WORK TO BE COMPLETED :: Leave the pictures aside and copy all the data exactly.
-.-.-
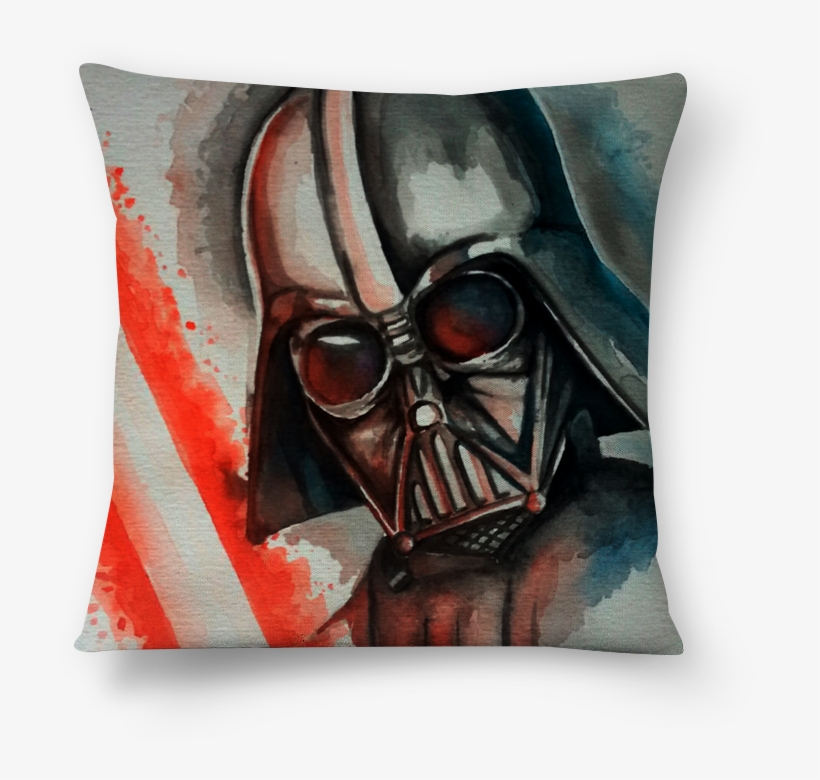 Almofada Darth Vader De Ana Pagottona - Cushion, transparent png #257812
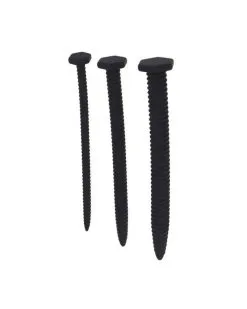 La Boutique Du Hard Lot De 3 Tiges à Urètre Silicone 14.5cm - Diamètres 6 à 13mm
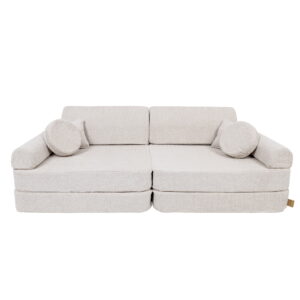 Liels moduļu dīvāns bērniem - Premium Boucle, Champagne Ecru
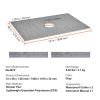 Shower Curb Kit, 48"x72" Shower Pan Kit with 6.3" Central Drain, Lightweight EPS Shower Installation Kits with 2 Waterproof Cloths, Shower Pan Slope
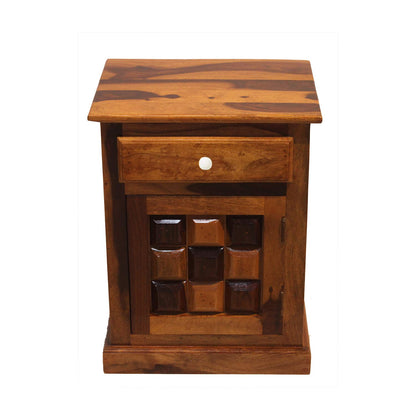 Rukmaajee Furniture Slaughter Style Bed Side Table with Solid Wood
-.-.-
SOLUTION TO THIS TASK ::
 Almofada Darth Vader De Ana Pagottona - Cushion, transparent png #257812
 La Boutique Du Hard Lot De 3 Tiges à Urètre Silicone 14.5cm - Diamètres 6 à 13mm
 Liels moduļu dīvāns bērniem - Premium Boucle, Champagne Ecru
 Shower Curb Kit, 48"x72" Shower Pan Kit with 6.3" Central Drain, Lightweight EPS Shower Installation Kits with 2 Waterproof Cloths, Shower Pan Slope
 Rukmaajee Furniture Slaughter Style Bed Side Table with Solid Wood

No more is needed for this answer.